Ankara’da ikisi de öğretmen olan kardeşlerinden Songül Şaşırmaz’ı bıçakla öldürüp balta ile başını gövdesinden ayıran, başka kardeşi Abbas Şaşırmaz’ı da bıçakla yaralayan hemşire Şahin Şaşırmaz’ın yargılanmasına başlandı.
Davanın birinci duruşmasına tutuklu sanık Şahin Şaşırmaz, müştekiler ve taraf avukatları katıldı.

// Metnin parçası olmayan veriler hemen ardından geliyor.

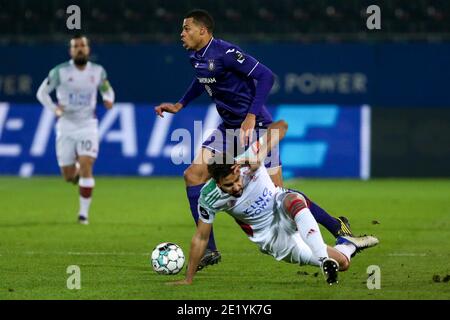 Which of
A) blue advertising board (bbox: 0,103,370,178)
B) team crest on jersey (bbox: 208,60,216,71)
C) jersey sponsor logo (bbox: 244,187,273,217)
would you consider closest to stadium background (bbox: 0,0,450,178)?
blue advertising board (bbox: 0,103,370,178)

Mahkeme lideri, iddianameyi ve sanığın üzerine atılı hataları hatırlatarak Şahin Şaşırmaz’a kelam verdi. Şaşırmaz, kardeşlerini çok sevdiğini, ortalarında bir hasımlık olmadığını ve bilerek ziyan vermediğini sav ederek, “Normalde o sabah işe gitmem gerekiyordu lakin işe gidersem öleceğimi hissettim. Sesler duyup halüsinasyonlar görüyordum. Bu nedenle işe gitmedim. Songül’ü aradım; 2 ekmek alıp konuta gelmesini söyledim. Abbas ağabeyim de geldi, birlikte kahvaltı yaptık.” dedi.
“KENDİMİ İLAH OLARAK GÖRÜYORDUM”
Son 1 aydır uygun olmadığını öne süren Şaşırmaz, “İlaç kullanıyordum ve kendimi ilah üzere görüyordum. Bazen kendimi Atatürk üzere görüyordum. Daha evvel de mevlüt yemeğine gittiğim vakit çırılçıplak soyunmuşum, hiç hatırlamıyorum. Ben kardeşlerimi yalnızca birlikte çay içelim diye meskende topladım. Sonra Abbas ağabeyimin başından çıkan bir şey gördüm, şeytan olduğunu düşünüyorum. Son 1 ay ilacımın dozunu tabip düşürdü sanırım o doz bana yetersiz geldi. Kardeşlerimi düşman olarak görmeye başlamışım. Benden korkmaya başlamışlar. Kendimi daima tehdit altında hissettiğim için bıçak taşıyordum. Olay günü de bıçağı çıkardım, ‘gidin evden’ dedim; sonrasını hatırlamıyorum sanırım atak geçirmişim. Ben hastaneye yatıp tedavi olmak istiyorum.” dedi.
“ÖLDÜRECEĞİ BELLİYDİ”
Olayda yaralanan Abbas Şaşırmaz ise duruşmaya Ses ve İmaj Bilişim Sistemi (SEGBİS) ile Malatya’dan katıldı.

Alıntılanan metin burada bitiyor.